It's worth backing up here to point out that Python's re engine is not actually a true regular expression engine—and, on top of that, it's embedded in a Turing-complete programming language. So obviously it is possible to build an HTML parser around Python and re. This answer shows part of a parser written in perl, where regexes do most of the heavy lifting. But that doesn't mean you should do it this way. You shouldn't be writing a parser in the first place, given that perfectly good ones already exist, and if you did, you shouldn't be forcing yourself to use regexes even when there's an easier way to do what you want. For quick&dirty playing around, regex is fine. For a production program, it's almost always the wrong answer.
One way to convince your boss to let you use a parser is by crafting a suite of tests that are all obviously valid, and that cannot possibly be handled by any regex-based solution short of a full parser. If you can come up with a test that can be parsed, but only using exponential backtracking, and therefore takes 12 hours with regex vs. 0.1 seconds with bs4, even better, but that's a bit trickier…

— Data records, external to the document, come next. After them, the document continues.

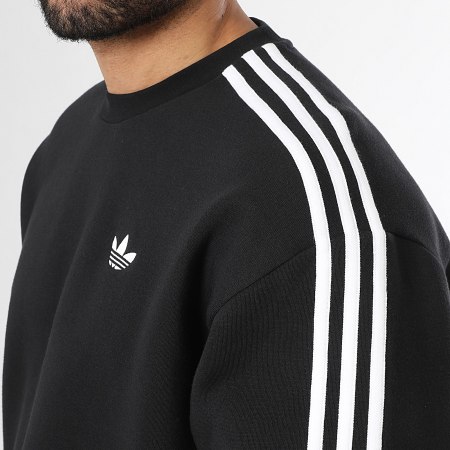 Adidas Originals - Sudadera crewneck con bandas 3 Stripes KE2916 negro blanco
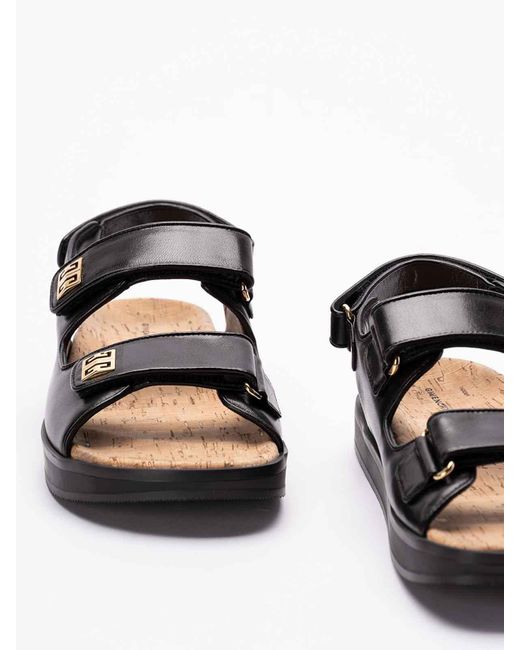 Givenchy Black Leather 4G Sandals
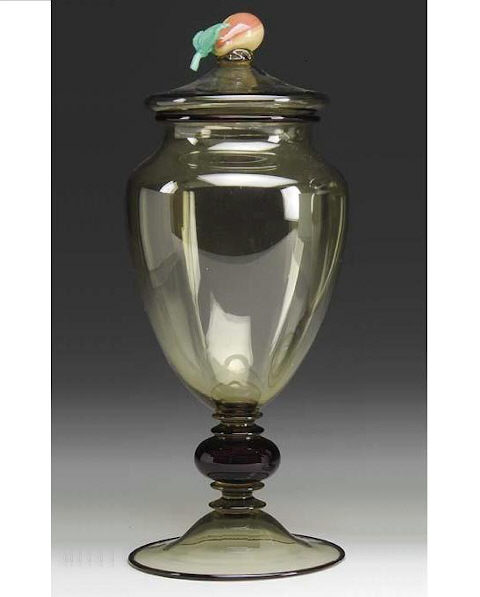 3114 - Amber Transparent Covered Vase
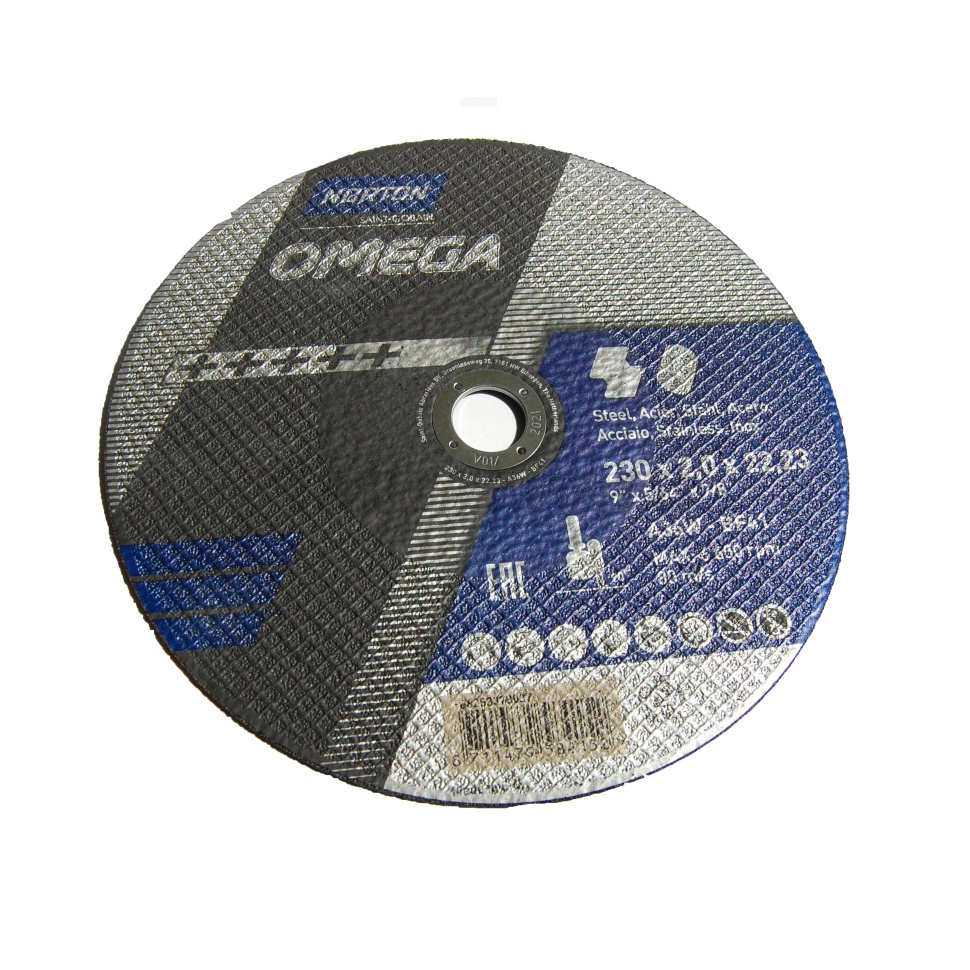 Отрезной диск Norton Omega 230x2.0x22.23, 80 м/с, 66253370037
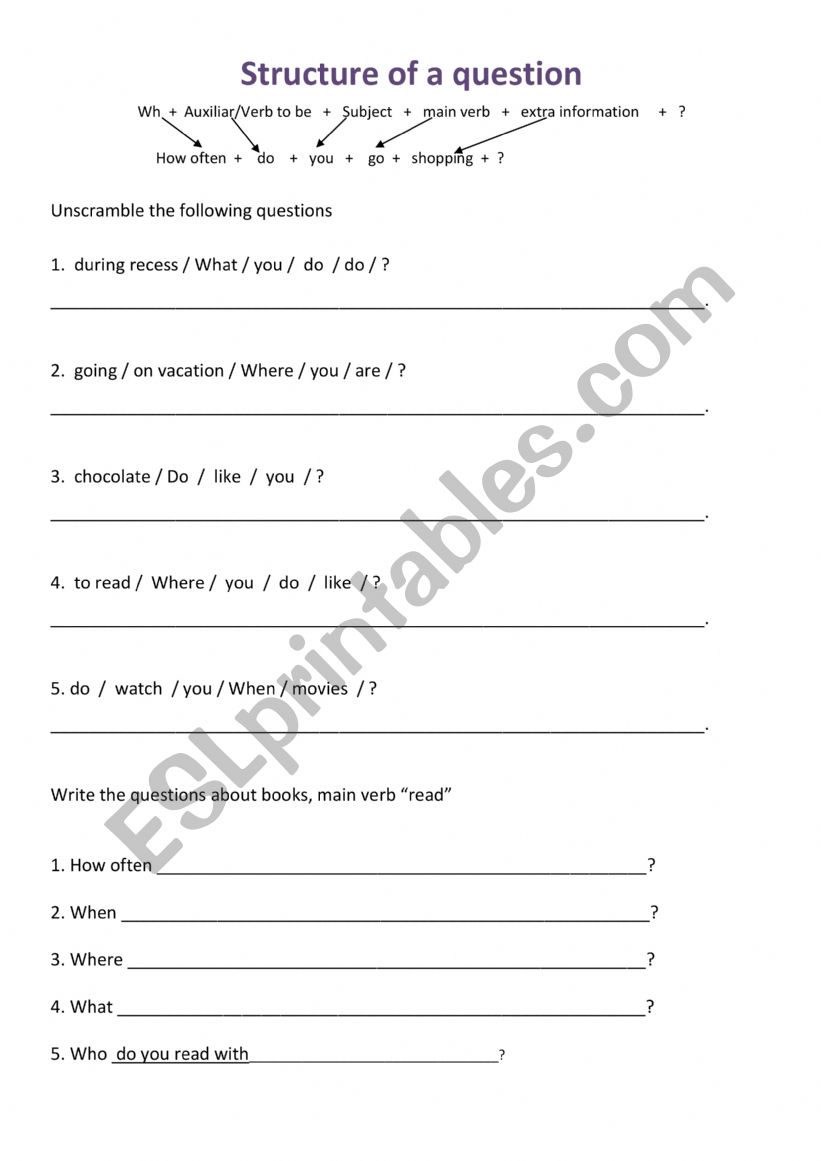 QUESTIONS STUCTURE worksheet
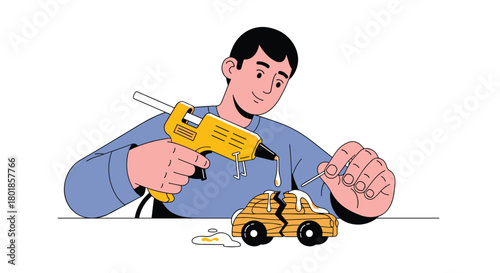Creative craftsman meticulously repairs broken toy car with hot glue gun, bringing joy to DIY projects and hobbyists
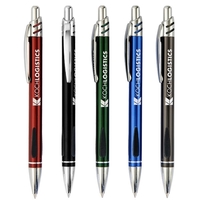 Click-action ballpoint pen with chrome tip, decorative clip and crown and......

Of course it's also worth looking for articles online (and SO questions like this and this and the 300 other dups) and picking the best ones to show your boss.
If you really can't convince your boss otherwise, then you're done at this point. Given what's been specified, this works. Given what may or may not actually be intended, nothing short of mind-reading will work. As you find more and more real-life cases that fail, you can hack it up by adding more and more complex alternations and/or context onto the regex itself, or possibly use a series of regexes and post-filters, until finally you get sick of it and find yourself a better job.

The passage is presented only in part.